Sierra Leone
Sierra Leone: l’ex-presidente nel mirino dell’anticorruzione
Ernest Bai Koroma è al centro di un’inchiesta assieme ad oltre cento altre personalità legate al suo governo. Gli inquirenti dell’anticorruzione lo accusano della sparizione di decine di milioni di dollari dalle casse statali, durante la sua presidenza
06 Ottobre 2020
Articolo di Aurelio Boscaini
Tempo di lettura 3 minuti
Ernest-Bai-Koroma
L'ex presidente della Sierra Leone Ernest Bai Koroma

Un passo avanti nella lotta alla corruzione, male profondo che riguarda tutto il continente africano. Il 30 settembre, l’ex presidente della Sierra Leone, Ernest Bai Koroma, è stato convocato dagli inquirenti anticorruzione. Le autorità del paese, tra i più poveri dell’Africa occidentale, intendono recuperare decine di milioni di dollari che sarebbero spariti durante gli anni della sua presidenza.

Sono diversi gli ex responsabili dell’amministrazione Koroma (al potere dal 2007 al 2018), a essere stati arrestati nel quadro della lotta contro la corruzione e lo sperpero dei fondi pubblici che il suo successore, Julius Maada Bio, sta portando avanti. Dopo un anno di lavori, tre commissioni d’inchiesta avevano concluso, con la pubblicazione di un “libro bianco” lo scorso marzo, che milioni di dollari rimanevano introvabili dopo aver spulciato i conti dei ministeri (educazione, gioventù, miniere) e di imprese statali.

La commissione anticorruzione della Sierra Leone, istituzione indipendente che conduce oggi l’inchiesta, ha preteso che l’ex-presidente Koroma si presenti di persona il 5 ottobre davanti agli inquirenti. La convocazione è slittata all’8 ottobre e potrebbe svolgersi fuori della capitale Freetown per ragioni di sicurezza. I suoi sostenitori, infatti, sono ben decisi a manifestargli sostegno durante l’udienza. La città alternativa sembra essere Makeni, nel centro del paese, città di cui è originario Koroma.

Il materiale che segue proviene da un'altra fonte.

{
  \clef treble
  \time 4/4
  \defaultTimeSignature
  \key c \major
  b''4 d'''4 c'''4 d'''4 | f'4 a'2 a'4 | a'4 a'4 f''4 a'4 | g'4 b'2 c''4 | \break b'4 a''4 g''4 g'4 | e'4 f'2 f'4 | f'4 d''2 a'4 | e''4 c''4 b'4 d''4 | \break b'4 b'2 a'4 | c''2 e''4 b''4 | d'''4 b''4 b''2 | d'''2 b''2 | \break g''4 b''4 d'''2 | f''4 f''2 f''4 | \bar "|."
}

I sostenitori del partito dell’ex presidente, il Congresso di tutto il popolo (Apc nell’acronimo inglese), hanno più volte denunciato, come del resto l’ex presidente stesso, il clima di caccia alle streghe che si respira nel paese. Il procuratore generale, Anthony Brewah, ha intanto imposto il divieto di uscire dal paese per l’ex presidente.

Misura che riguarda più di cento altre personalità legate al suo regime, tra queste ex ministri, alti funzionari, deputati ed ex dirigenti di società statali, a causa delle indagini in corso per accertare i reati di corruzione, abuso d’ufficio e mala amministrazione, di cui sono accusati.

La scorsa settimana, il presidente Maada Bio ha detto che la commissione d’inchiesta sul caso, guidata da giudici stranieri, è stata «un passo importante in avanti» nella lotta alla corruzione. Sono 111 gli elementi – vertici parastatali, banchieri e uomini d’affari ‒ identificati come “persone coinvolte” negli “affari” dell’ex presidente.

Non va dimenticato che l’economia della Sierra Leone (7,5 milioni di abitanti), ex colonia britannica, è stata devastata dalla guerra civile (1991-2002) che ha fatto 120mila morti circa. E rimane fragile dopo lo shock dell’epidemia di ebola (2014-2016) – nel corso della quale anche il governo di Maada Bio è stato accusato della sparizione di milioni di euro destinati ai malati -, la caduta dei prezzi mondiali delle materie prime e l’arrivo, quest’anno, del coronavirus.

L’attuale presidente ha ripetuto ancora nei giorni scorsi di voler «cancellare» la corruzione nel paese e di obbligare gli ex responsabili a restituire le somme mancanti.